# Are there neutral or good deamons and could technically be minor chaos gods?



## The Final Frontier (Oct 15, 2011)

My knowledge isn't the best with daemons but obviously most daemons are servants of chaos and gain power either violence or by emotions from mortals. My question is there daemons in the warp not in any of the Chaos Gods service? From what I understand Believe is a powerful emotion so If for example on a planet, If enough people believe that a demonic white warrior will save their village when there attacked by Xeno's, that Demonic white warrior will actually take form and exist and due to this believe, this daemon will grow in power and essentially become a minor Chaos God? Is that possible along with them being Neutral or even Good as long as there "fed" enough?


----------



## Battman (Nov 2, 2012)

It is certainly an interesting idea, the concept of the chaos gods and their segments (the lesser and greater daemons) is based off very powerful emotions and concepts. The most powerful of these are khorne, tzeentch, slannesh and nurgle. 

But in comparison minor emotions or concepts which are not part of the more major ones are quite less powerful may not even be able to split into lesser beings capable of entering in to material world.


----------



## Khorne's Fist (Jul 18, 2008)

It has been mentioned in the past that there are lesser Gods in the Chaos pantheon, with Malal, or Malice, being the only one actually named, I think. His main goal was to thwart the schemes of the major gods. He even has a renegade SM chapter dedicated to him. 

Malice | Warhammer 40k | Fandom powered by Wikia


----------



## The Final Frontier (Oct 15, 2011)

I thought Malice was technically the fifth Chaos God but was stopped being used back int the day over some deal with the writer who created Malice? Does he even have his own demons?

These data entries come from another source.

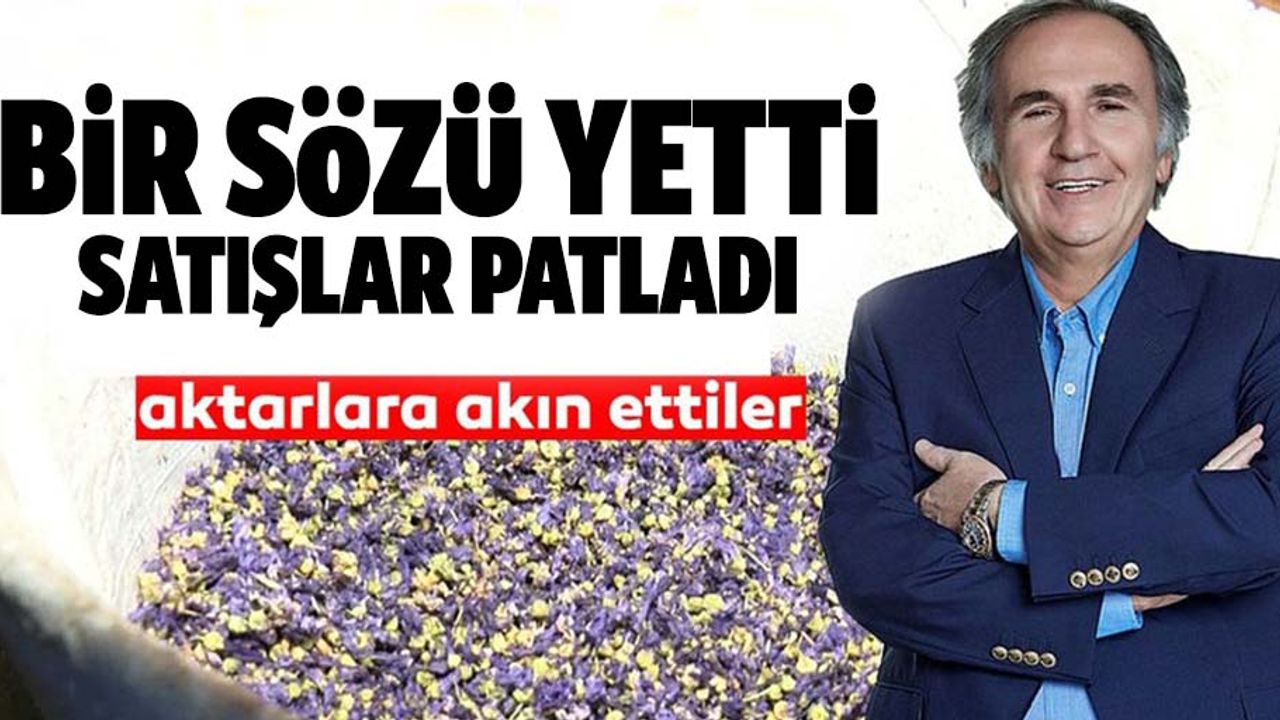 Prof. Dr. İbrahim Saraçoğlu'nun sözleri sonrası satışlar 1 günde 10 katına çıktı!
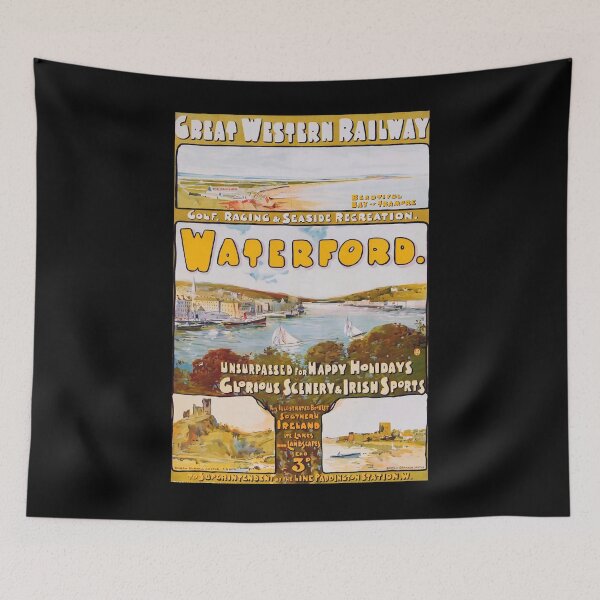 Item preview, cartel ferroviario Waterford designed and sold by stickart-marek.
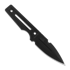 ZU Bladeworx Ultralight Dagger Cerakote dolk, musta
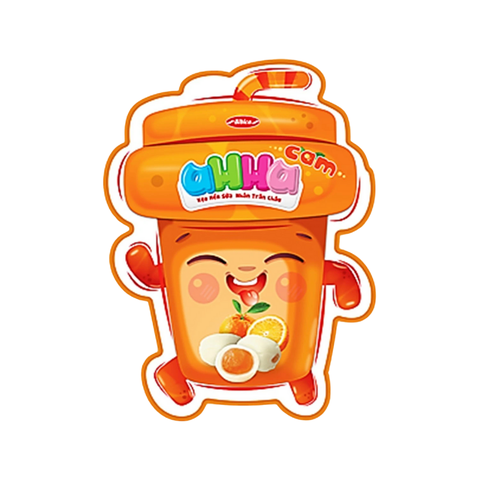 Kẹo Mềm Sữa aHHa Nhân Trân Châu Cam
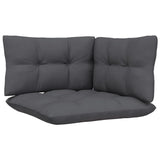 Garten-Ecksofa mit Kissen, schwarz, massives Kiefernholz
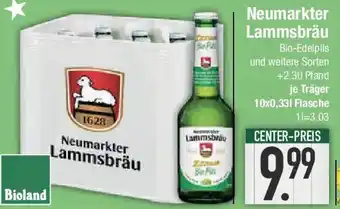 E-Center Neumarkter Lammsbräu Angebot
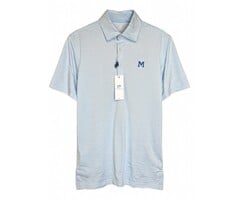 ST Men's SS Breeze Meadowbrook Stripe Polo Clearwater Blue w/M
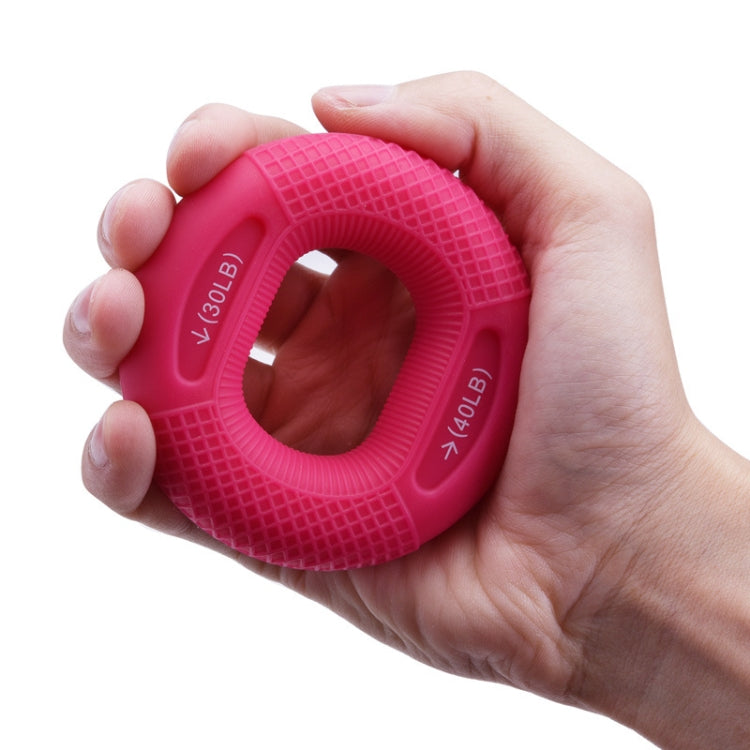 2 PCS Adjustable Strength Silicone Gripper Arm Muscle Strength Rehabilitation Training Fitness Equipment, Colour: 30 / 40LBï¼ˆRose Redï¼‰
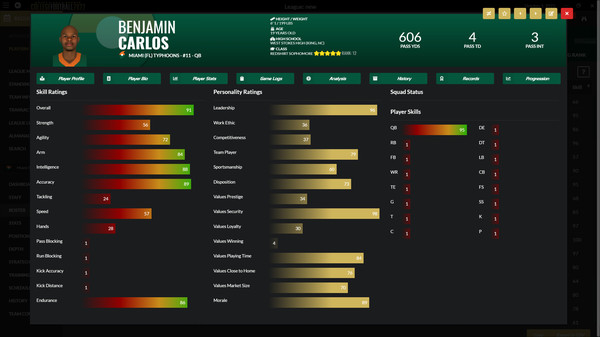 Скриншот из Draft Day Sports: College Football 2022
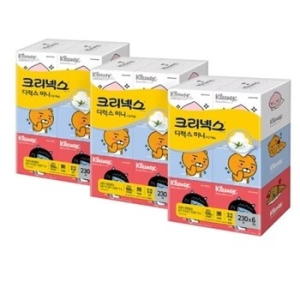 크리넥스 X 카카오 미니 티슈 230매 (6입) (3팩(18입))_이미지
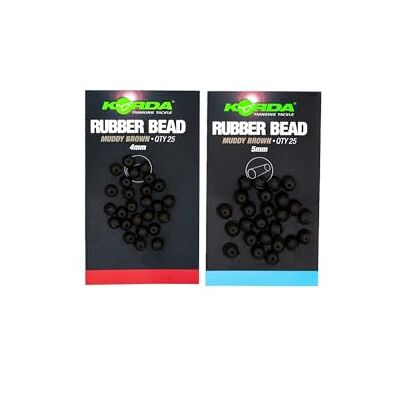 Korda Safe Zone 4mm Rubber Bead Brown25 pcs - Publicité Korda Safe Zone 4mm Rubber Bead Brown25 pcs - Publicité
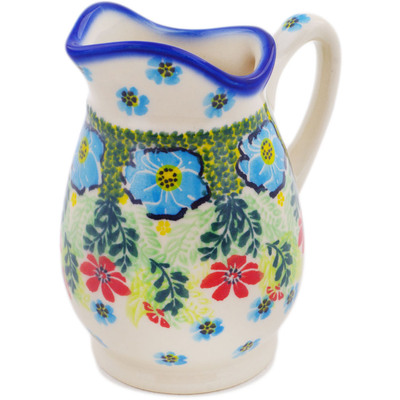 Polish Pottery Creamer 10 oz Tunnel Vision UNIKAT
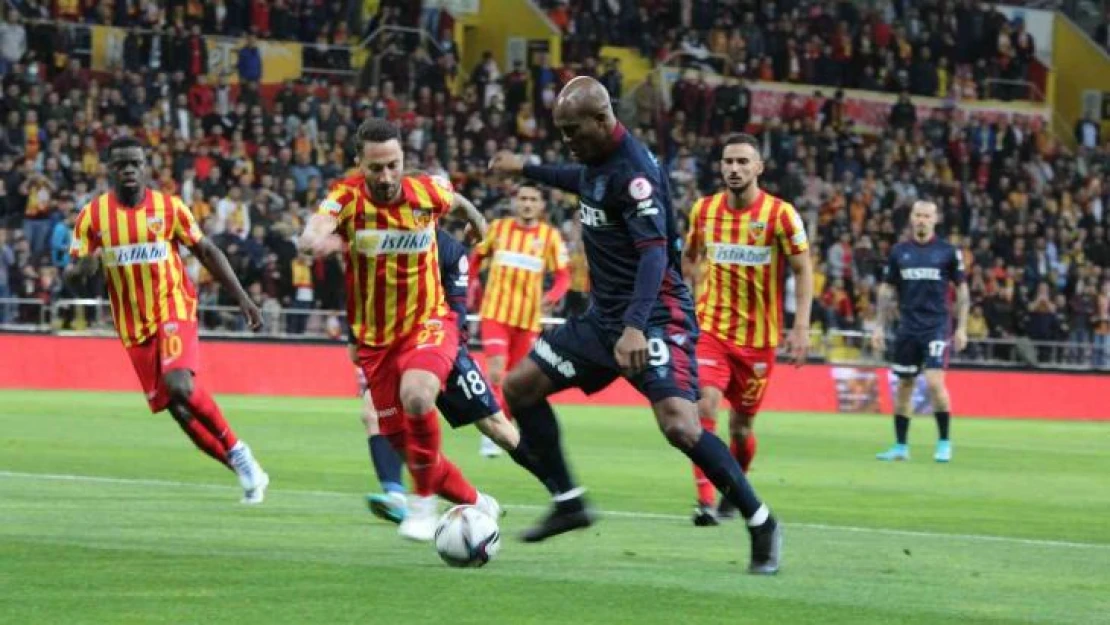 Ziraat Türkiye Kupası: Kayserispor: 0 - Trabzonspor: 1 (İlk yarı)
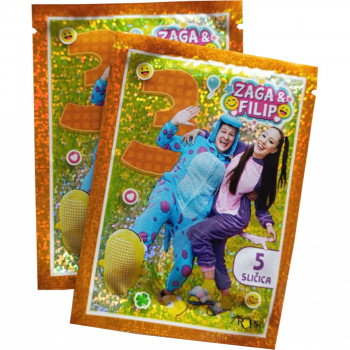 Zaga i Filip kesica sa sličicama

I don't mean they have to be Minor Gods of Chaos, just wondering more than anything else if demons not in the four gods service actually exist and if there not completely bad or neutral, somehow I can't see a daemon being good unless there getting fed ALOT of energy lol


----------



## Serpion5 (Mar 19, 2010)

Generally the amount of energy required to be funneled into the warp in such a specific way to create a new power is pretty high. The Eldar in the youth of their civilization were able to create a pantheon of gods via worship that was guided by the Old Ones specifically for the purpose of creating gods that could combat the c'tan. However, this was the collective will of a powerful civilization in a time where Chaos had a relatively weak hold on the galaxy. 

Whether this could happen on a smaller scale seems debatable. The most common path to power seems to be the patronage of an existing god or daemon, and with the Chaos Gods at this point in time basically feeding off the full spectrum of emotions, it seems unlikely that a new power could be created this way. A more probable outcome would be the attention of an existing daemon masquerading as the proposed deity to bend its new followers to its own ends.


----------



## Romanov77 (Jan 27, 2013)

Shouldn't the trillions people worshipping the Emperor cause some massive feedback in the warp?


----------



## Brother Lucian (Apr 22, 2011)

Romanov77 said:


> Shouldn't the trillions people worshipping the Emperor cause some massive feedback in the warp?


The Emperor protects.

Just look at the acts of faith from the SoBs and the long row of living saints.


----------



## Serpion5 (Mar 19, 2010)

Romanov77 said:


> Shouldn't the trillions people worshipping the Emperor cause some massive feedback in the warp?


It's possible, but the ten thousand year time frame doesn't really factor in the millions of years worth of power the Chaos gods have been able to feed off. Also worth mentioning that even if the Emperor is the subject of worship, the myriad of Imperial worlds all interpret the Imperial Creed in different variations. 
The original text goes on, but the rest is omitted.